## WORK INSTRUCTION
From the entries below, return exactly the lines beginning at the one that contains "vidaXL Zaun mit" and ending at the one that contains "Vintage Gasparo Straight", both of them included, and only those lines.

## EXTRACTED DATA
________________________

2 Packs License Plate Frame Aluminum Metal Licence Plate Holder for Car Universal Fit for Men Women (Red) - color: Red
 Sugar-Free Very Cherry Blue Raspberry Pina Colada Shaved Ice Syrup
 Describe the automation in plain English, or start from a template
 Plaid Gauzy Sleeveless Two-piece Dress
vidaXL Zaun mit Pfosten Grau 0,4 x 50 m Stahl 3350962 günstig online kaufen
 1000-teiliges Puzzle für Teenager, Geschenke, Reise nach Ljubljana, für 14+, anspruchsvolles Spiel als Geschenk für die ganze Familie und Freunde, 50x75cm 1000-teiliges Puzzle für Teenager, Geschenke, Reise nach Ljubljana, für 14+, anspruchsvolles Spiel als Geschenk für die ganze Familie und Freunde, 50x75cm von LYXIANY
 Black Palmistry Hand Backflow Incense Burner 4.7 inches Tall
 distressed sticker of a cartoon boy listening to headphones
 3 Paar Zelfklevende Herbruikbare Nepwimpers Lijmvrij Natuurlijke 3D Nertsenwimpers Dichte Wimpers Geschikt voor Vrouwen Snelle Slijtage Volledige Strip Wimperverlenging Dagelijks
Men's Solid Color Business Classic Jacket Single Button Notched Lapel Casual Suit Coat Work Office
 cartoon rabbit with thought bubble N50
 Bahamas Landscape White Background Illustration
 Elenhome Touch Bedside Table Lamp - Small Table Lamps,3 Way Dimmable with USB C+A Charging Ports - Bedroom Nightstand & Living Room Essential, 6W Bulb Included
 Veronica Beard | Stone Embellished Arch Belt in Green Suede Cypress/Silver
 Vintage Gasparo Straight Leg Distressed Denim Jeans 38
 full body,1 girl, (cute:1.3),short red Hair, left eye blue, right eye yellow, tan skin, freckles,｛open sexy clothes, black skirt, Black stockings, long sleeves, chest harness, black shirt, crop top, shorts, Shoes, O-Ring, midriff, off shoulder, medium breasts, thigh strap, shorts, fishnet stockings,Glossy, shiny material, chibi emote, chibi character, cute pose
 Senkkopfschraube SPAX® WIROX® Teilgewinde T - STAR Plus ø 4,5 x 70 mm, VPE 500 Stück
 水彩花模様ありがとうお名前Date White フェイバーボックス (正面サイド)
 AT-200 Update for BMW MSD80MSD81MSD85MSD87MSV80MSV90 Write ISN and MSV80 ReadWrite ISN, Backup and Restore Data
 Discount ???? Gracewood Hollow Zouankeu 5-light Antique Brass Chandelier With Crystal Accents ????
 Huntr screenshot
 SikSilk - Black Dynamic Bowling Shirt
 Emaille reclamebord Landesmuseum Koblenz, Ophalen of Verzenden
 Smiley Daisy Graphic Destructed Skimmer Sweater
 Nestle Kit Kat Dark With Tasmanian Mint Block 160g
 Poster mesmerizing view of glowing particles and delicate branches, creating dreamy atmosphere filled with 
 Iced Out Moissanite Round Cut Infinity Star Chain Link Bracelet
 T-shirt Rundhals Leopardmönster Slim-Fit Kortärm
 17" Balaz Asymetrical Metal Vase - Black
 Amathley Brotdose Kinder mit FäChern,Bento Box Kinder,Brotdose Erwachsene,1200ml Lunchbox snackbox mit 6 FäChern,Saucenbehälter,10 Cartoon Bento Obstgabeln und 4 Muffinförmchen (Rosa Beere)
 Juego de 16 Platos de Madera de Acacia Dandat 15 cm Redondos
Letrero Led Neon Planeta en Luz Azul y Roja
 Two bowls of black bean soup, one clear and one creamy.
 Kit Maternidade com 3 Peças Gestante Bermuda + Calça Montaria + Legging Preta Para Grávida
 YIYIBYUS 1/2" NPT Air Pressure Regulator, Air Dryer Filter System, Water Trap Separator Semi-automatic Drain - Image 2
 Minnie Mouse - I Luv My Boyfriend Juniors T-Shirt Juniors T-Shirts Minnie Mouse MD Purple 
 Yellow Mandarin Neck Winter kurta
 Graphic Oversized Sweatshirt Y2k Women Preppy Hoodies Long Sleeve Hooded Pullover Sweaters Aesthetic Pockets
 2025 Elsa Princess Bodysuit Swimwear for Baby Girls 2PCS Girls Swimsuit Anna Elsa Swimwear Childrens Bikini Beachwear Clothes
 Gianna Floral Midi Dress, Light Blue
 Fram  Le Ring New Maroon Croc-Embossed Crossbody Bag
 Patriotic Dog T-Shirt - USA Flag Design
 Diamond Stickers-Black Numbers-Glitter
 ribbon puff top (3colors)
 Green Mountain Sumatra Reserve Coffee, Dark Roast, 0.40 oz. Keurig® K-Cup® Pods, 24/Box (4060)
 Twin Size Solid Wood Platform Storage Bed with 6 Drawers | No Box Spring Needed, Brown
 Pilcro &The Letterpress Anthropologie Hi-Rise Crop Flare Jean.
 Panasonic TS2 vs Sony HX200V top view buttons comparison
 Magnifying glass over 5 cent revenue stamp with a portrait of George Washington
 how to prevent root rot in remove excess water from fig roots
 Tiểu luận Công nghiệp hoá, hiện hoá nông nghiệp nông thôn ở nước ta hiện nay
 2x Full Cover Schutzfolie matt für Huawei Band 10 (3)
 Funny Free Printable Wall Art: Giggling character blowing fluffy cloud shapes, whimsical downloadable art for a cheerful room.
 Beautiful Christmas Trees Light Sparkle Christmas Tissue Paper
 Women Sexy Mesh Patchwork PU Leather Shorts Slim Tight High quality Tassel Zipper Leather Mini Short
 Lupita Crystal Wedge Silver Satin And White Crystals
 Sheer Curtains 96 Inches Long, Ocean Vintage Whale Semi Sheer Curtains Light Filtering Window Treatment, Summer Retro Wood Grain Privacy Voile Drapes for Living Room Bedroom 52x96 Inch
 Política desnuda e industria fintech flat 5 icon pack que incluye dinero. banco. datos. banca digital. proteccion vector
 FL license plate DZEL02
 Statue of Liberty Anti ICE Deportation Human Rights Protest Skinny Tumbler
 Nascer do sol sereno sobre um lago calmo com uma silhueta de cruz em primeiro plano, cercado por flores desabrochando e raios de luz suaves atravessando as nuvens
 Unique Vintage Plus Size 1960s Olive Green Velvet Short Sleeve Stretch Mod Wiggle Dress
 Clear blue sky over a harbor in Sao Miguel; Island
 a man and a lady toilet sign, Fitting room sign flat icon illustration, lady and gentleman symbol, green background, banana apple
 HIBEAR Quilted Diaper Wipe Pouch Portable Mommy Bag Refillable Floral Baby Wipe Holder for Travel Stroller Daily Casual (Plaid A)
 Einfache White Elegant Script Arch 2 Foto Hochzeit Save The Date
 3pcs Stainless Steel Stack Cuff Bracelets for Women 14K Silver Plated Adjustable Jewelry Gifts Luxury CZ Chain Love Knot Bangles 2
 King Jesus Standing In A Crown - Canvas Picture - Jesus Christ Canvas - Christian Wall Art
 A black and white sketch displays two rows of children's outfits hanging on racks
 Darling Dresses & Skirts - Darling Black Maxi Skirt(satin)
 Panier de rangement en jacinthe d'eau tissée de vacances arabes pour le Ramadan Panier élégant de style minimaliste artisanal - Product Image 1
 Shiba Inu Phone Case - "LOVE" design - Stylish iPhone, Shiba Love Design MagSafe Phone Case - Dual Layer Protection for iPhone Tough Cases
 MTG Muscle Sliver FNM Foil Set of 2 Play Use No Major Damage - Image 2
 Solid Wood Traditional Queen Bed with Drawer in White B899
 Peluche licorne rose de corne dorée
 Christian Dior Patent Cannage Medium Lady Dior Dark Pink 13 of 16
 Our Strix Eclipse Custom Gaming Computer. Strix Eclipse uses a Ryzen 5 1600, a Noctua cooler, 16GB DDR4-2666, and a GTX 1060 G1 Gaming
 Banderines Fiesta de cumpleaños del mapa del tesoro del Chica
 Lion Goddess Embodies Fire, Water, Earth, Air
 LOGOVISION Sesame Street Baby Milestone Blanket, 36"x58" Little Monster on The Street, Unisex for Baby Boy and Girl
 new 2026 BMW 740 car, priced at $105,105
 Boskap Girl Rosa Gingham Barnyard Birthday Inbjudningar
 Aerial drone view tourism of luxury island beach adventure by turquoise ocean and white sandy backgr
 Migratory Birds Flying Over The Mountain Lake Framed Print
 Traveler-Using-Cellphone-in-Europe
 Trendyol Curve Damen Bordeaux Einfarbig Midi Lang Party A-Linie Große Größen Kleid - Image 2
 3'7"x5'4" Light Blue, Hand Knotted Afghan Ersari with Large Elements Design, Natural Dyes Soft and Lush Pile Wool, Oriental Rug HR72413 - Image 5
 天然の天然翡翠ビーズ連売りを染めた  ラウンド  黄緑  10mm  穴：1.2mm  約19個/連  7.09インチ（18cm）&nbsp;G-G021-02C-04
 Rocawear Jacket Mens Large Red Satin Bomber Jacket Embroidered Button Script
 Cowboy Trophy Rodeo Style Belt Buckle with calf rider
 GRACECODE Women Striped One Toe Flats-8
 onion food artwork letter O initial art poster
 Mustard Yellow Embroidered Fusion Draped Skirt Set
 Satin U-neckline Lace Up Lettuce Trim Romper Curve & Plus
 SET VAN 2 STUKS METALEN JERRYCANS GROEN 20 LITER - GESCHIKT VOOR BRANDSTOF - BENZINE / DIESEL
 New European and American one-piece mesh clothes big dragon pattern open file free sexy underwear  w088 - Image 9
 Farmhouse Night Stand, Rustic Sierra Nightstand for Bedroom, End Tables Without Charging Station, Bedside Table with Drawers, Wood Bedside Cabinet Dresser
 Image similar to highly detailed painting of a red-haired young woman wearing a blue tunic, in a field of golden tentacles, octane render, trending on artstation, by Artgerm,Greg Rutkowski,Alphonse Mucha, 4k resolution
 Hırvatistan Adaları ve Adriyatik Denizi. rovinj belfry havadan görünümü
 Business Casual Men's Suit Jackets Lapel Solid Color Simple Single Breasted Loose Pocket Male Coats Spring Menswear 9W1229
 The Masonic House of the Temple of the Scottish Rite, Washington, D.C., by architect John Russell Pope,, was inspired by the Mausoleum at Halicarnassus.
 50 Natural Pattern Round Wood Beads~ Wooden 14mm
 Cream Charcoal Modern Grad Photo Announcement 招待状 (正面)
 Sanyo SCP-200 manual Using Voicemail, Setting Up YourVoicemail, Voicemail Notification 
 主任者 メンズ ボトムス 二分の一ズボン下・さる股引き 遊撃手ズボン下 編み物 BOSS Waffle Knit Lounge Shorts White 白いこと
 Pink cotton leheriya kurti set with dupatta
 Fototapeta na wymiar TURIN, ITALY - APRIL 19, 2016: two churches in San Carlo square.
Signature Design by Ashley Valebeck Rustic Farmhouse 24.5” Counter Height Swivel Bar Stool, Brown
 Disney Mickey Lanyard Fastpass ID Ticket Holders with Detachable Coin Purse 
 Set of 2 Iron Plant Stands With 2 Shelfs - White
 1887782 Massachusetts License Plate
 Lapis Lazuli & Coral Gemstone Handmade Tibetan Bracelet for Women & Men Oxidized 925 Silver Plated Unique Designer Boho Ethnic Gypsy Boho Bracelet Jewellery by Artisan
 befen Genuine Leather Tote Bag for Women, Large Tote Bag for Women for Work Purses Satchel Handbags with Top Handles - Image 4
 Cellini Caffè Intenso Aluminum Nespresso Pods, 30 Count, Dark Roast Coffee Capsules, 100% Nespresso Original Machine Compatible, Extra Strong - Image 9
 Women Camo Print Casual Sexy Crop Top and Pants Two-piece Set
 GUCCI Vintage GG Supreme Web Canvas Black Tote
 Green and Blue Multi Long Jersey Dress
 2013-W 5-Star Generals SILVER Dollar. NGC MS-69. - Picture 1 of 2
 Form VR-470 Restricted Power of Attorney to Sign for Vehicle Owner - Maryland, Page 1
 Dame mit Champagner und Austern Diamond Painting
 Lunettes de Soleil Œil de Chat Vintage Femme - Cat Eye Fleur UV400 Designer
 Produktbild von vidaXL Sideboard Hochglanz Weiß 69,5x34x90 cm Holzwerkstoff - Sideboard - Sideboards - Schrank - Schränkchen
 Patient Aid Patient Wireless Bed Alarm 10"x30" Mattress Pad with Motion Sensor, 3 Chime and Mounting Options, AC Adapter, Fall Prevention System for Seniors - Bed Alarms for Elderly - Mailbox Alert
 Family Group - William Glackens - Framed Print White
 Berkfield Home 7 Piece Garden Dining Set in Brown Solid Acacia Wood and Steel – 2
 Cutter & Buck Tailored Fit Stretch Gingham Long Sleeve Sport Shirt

________________________

## ANSWER BOX
vidaXL Zaun mit Pfosten Grau 0,4 x 50 m Stahl 3350962 günstig online kaufen
 1000-teiliges Puzzle für Teenager, Geschenke, Reise nach Ljubljana, für 14+, anspruchsvolles Spiel als Geschenk für die ganze Familie und Freunde, 50x75cm 1000-teiliges Puzzle für Teenager, Geschenke, Reise nach Ljubljana, für 14+, anspruchsvolles Spiel als Geschenk für die ganze Familie und Freunde, 50x75cm von LYXIANY
 Black Palmistry Hand Backflow Incense Burner 4.7 inches Tall
 distressed sticker of a cartoon boy listening to headphones
 3 Paar Zelfklevende Herbruikbare Nepwimpers Lijmvrij Natuurlijke 3D Nertsenwimpers Dichte Wimpers Geschikt voor Vrouwen Snelle Slijtage Volledige Strip Wimperverlenging Dagelijks
Men's Solid Color Business Classic Jacket Single Button Notched Lapel Casual Suit Coat Work Office
 cartoon rabbit with thought bubble N50
 Bahamas Landscape White Background Illustration
 Elenhome Touch Bedside Table Lamp - Small Table Lamps,3 Way Dimmable with USB C+A Charging Ports - Bedroom Nightstand & Living Room Essential, 6W Bulb Included
 Veronica Beard | Stone Embellished Arch Belt in Green Suede Cypress/Silver
 Vintage Gasparo Straight Leg Distressed Denim Jeans 38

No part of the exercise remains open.